As we have previously noted, analysts are forever upbeat on every sector.  Being a bear on Wall Street carries zero benefits.  No one wants to hear the bear case, no one wants to face the bear case.  Everyone loves a bull.  Thus, the “buy” and “strong buy” segments for analysts are always in the majority.  Apparently, no matter where we are in the cycle, even days away from a bear market, roughly two-thirds of analysts are in the buy camp.  The situation has become so bizarre that the “strong sell” designation was dropped entirely from the vocabulary of analysts.  The designation just does not exist anymore.  No matter how bad a company’s prospects are, it can never be considered a strong sell ever again.  

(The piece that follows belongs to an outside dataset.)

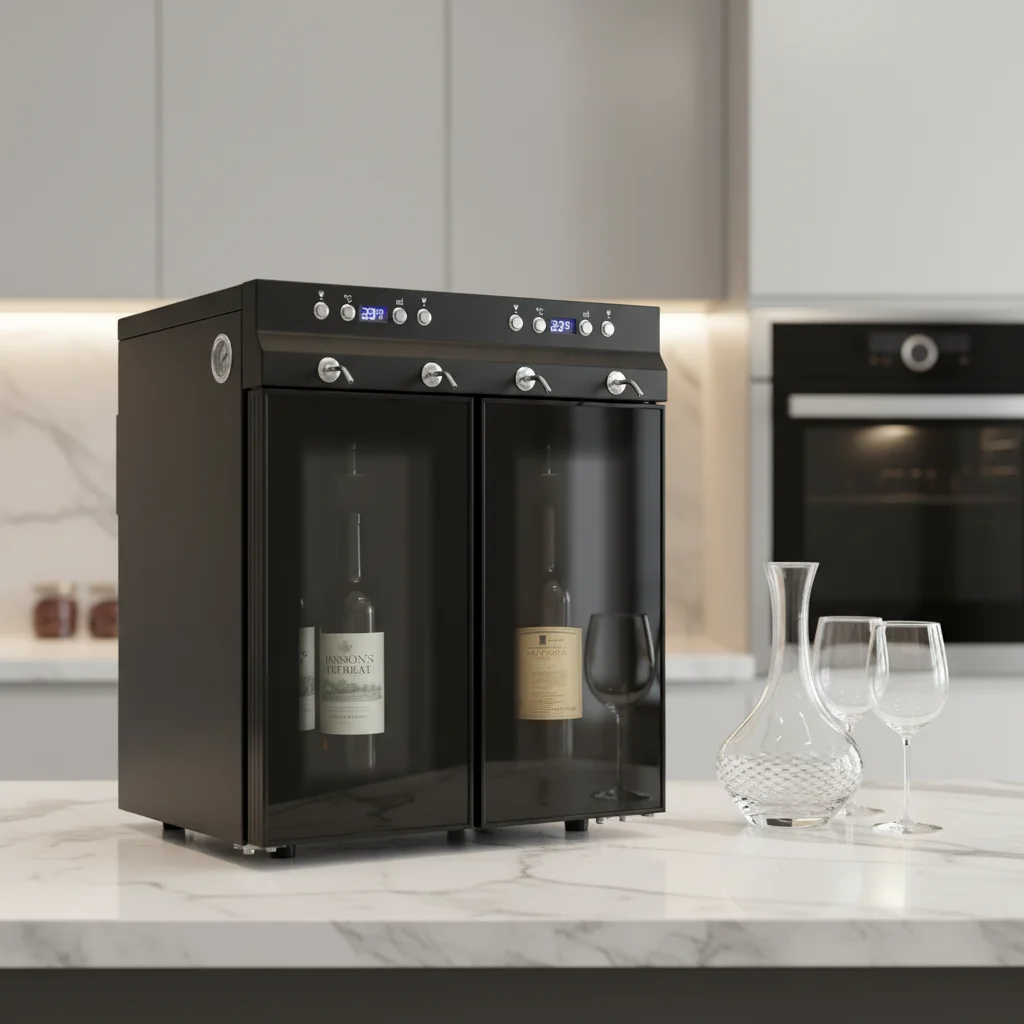 

Винный холодильник на 4 бутылки, коммерческий, из нержавеющей стали, с диспенсером для вина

The anti-bear case appears to be at its most emphatic when we examine how analysts rate the biotech industry, now in the midst of one of the greatest manias we have ever witnessed.  The Nasdaq Biotechnology Index Fund (IBB) has soared 556% from the November 2008 low and 81% in only the last 11 months.  Surely, some biotechs must be overvalued at this point and in danger of making a significant turn to the downside?  Well, analysts clearly don’t think so.  There are zero sells versus 68.2% in the buy or strong buy camps.  In fact, of 239 opinions rendered, only three see any kind of “underperformance” at all.  Considering that or group has an average P/E ratio of 54.6, we see the bullishness of analysts as more than just a bit ebullient, more like manic.  The group are collectively valued at $675.8 billion at today’s prices.  If like us, you thought a price/sales ratio of 2 for the S&P 500 was way too high, then you probably thought the P/S ratio of 5.53 for our QQQ stocks was beyond the pale.  What would you think if we were to tell you that the P/S ratio for our biotech group is 24.7?!  We wonder.  As far as we are concerned, this is additional evidence of the ongoing mania for U.S. stocks.